++++ RAW DATA
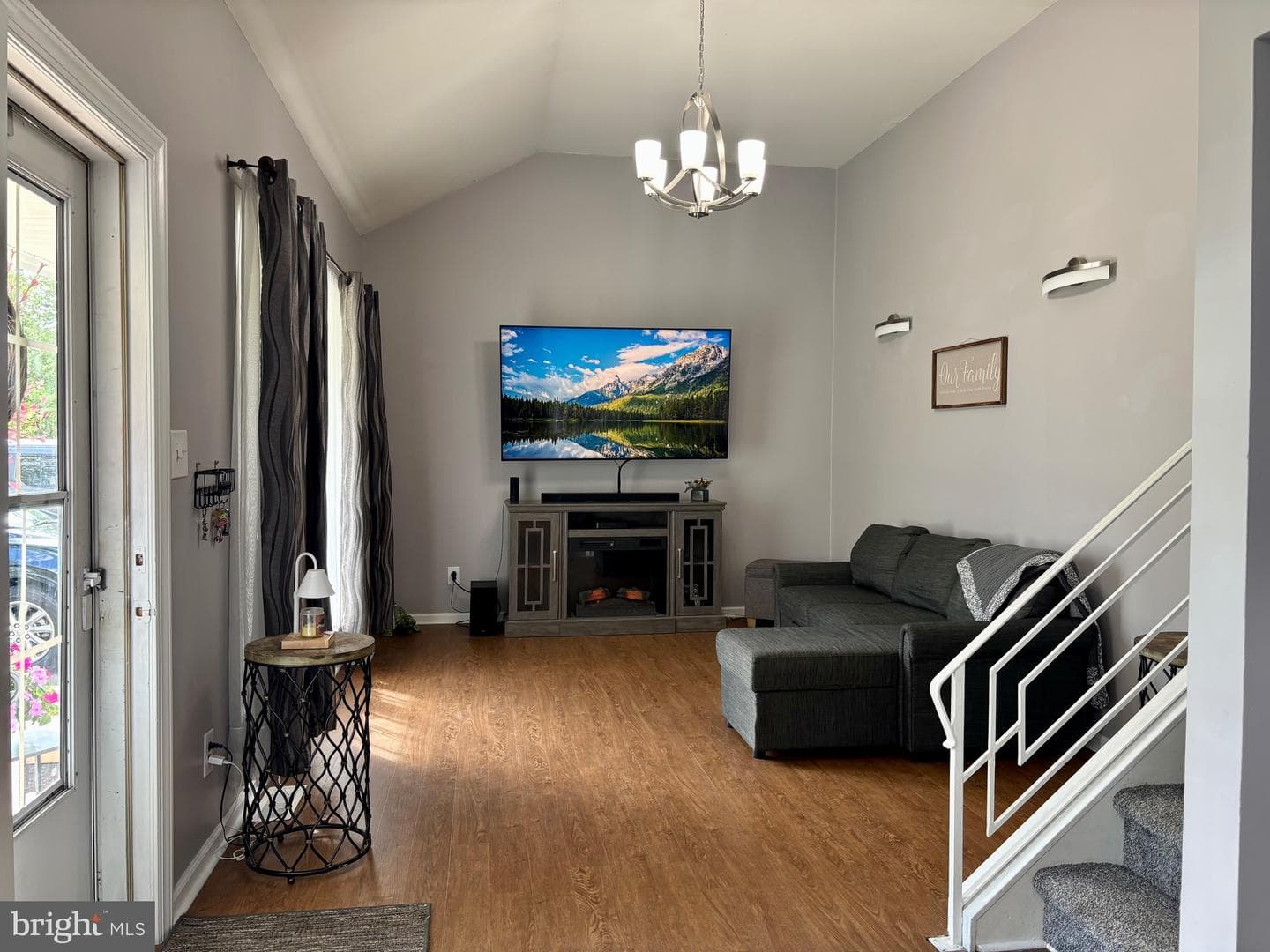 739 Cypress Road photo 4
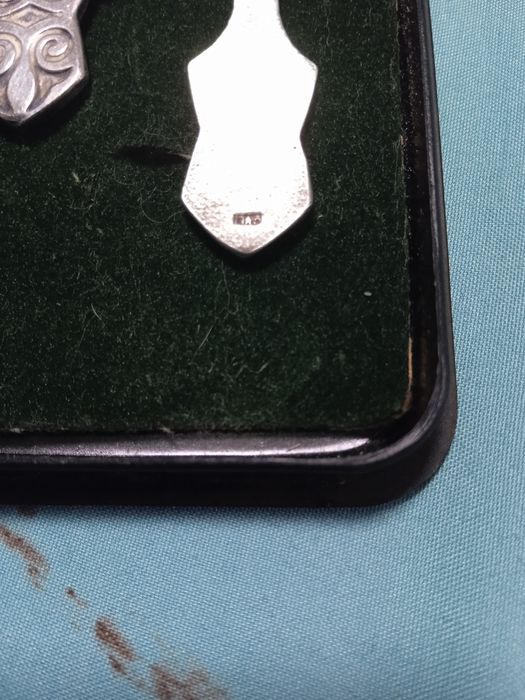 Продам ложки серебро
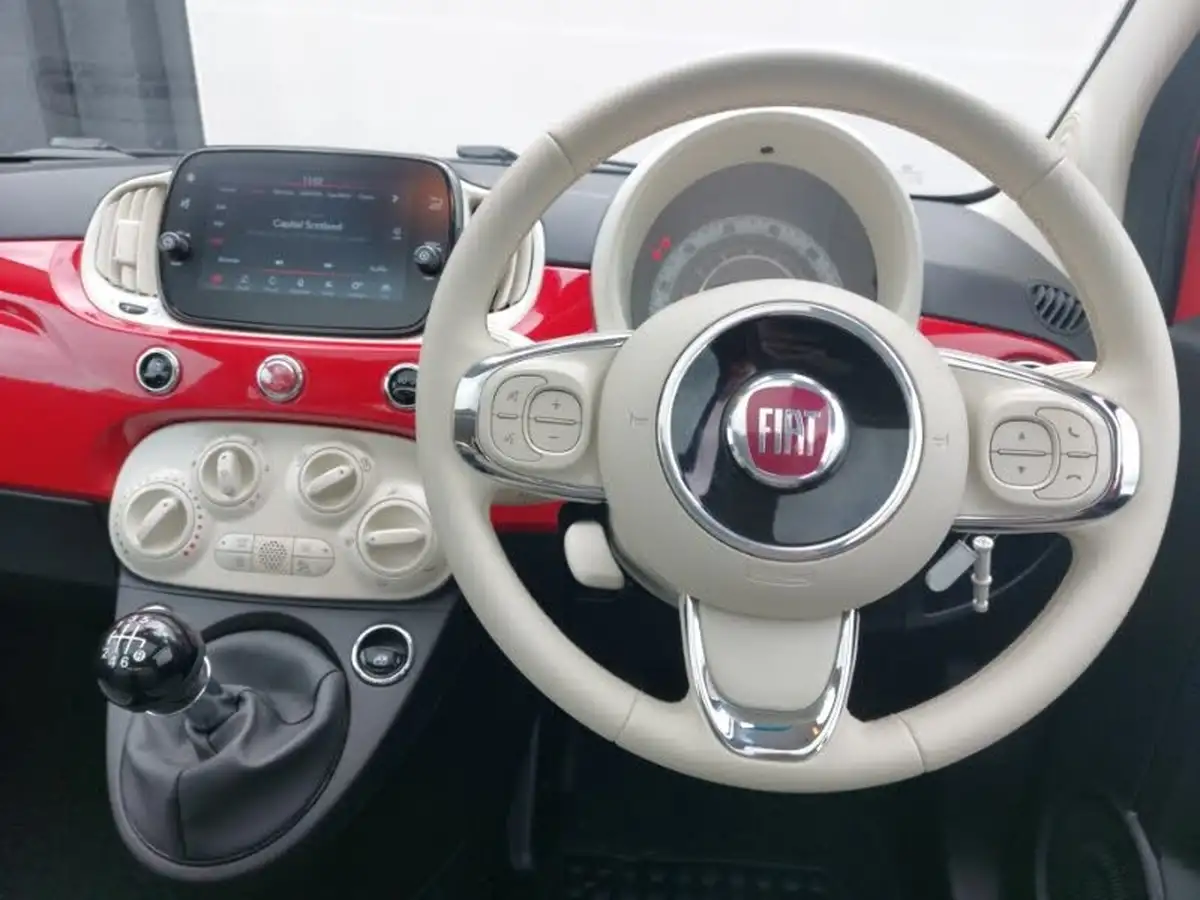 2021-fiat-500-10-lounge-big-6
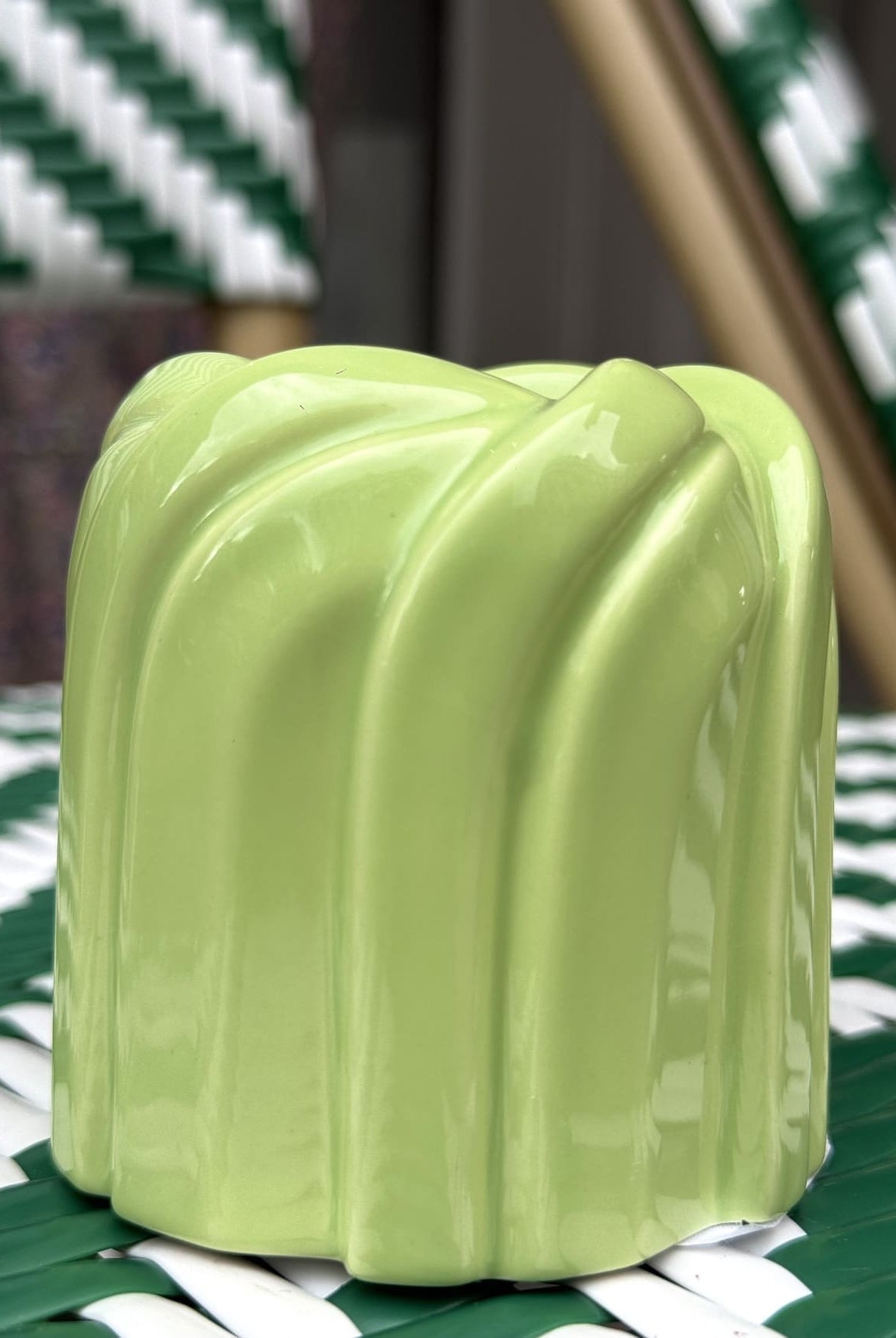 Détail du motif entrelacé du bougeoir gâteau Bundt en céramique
++++++++
■ **TO DO**
The lines to repeat run from the line containing "2021-fiat-500-10-lounge-big-6" through the last line of the material above; give them exactly, without the pictures.

■ **FINAL ANSWER**
 2021-fiat-500-10-lounge-big-6
 Détail du motif entrelacé du bougeoir gâteau Bundt en céramique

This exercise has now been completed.